*** Provided records ***
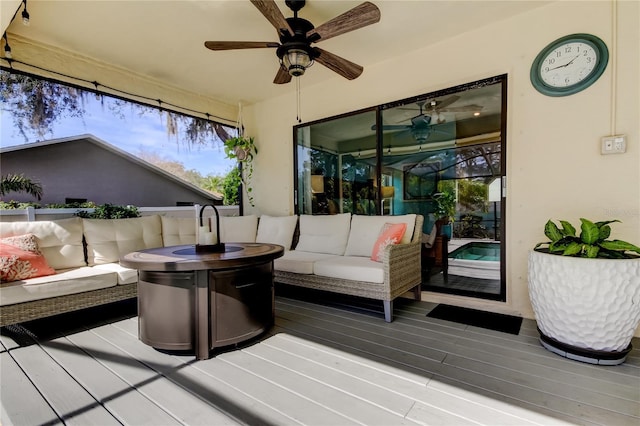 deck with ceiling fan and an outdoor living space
*** End of Provided records ***
*** Provided records ***
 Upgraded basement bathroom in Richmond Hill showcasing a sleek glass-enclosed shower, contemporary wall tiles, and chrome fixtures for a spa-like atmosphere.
*** End of Provided records ***
*** Provided records ***
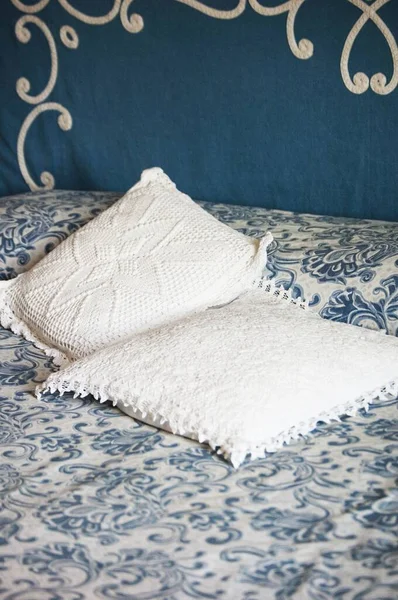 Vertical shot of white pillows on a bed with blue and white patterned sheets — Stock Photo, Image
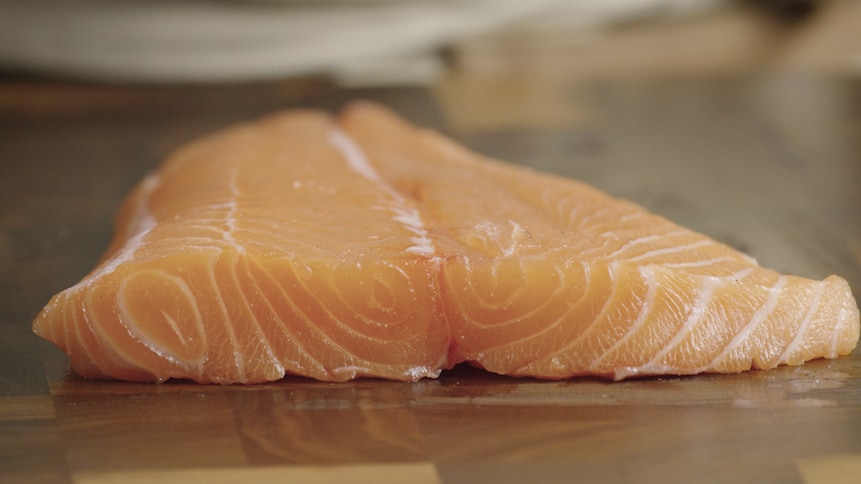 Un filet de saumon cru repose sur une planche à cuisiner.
*** End of Provided records ***
* _Assignment_:
Range to copy from the listing above: the line containing "Vertical shot of" down to the line containing "Un filet de", both included. Reproduce it exactly, minus the pictures, and add nothing.

* _Answer to the exercise_:
 Vertical shot of white pillows on a bed with blue and white patterned sheets — Stock Photo, Image
 Un filet de saumon cru repose sur une planche à cuisiner.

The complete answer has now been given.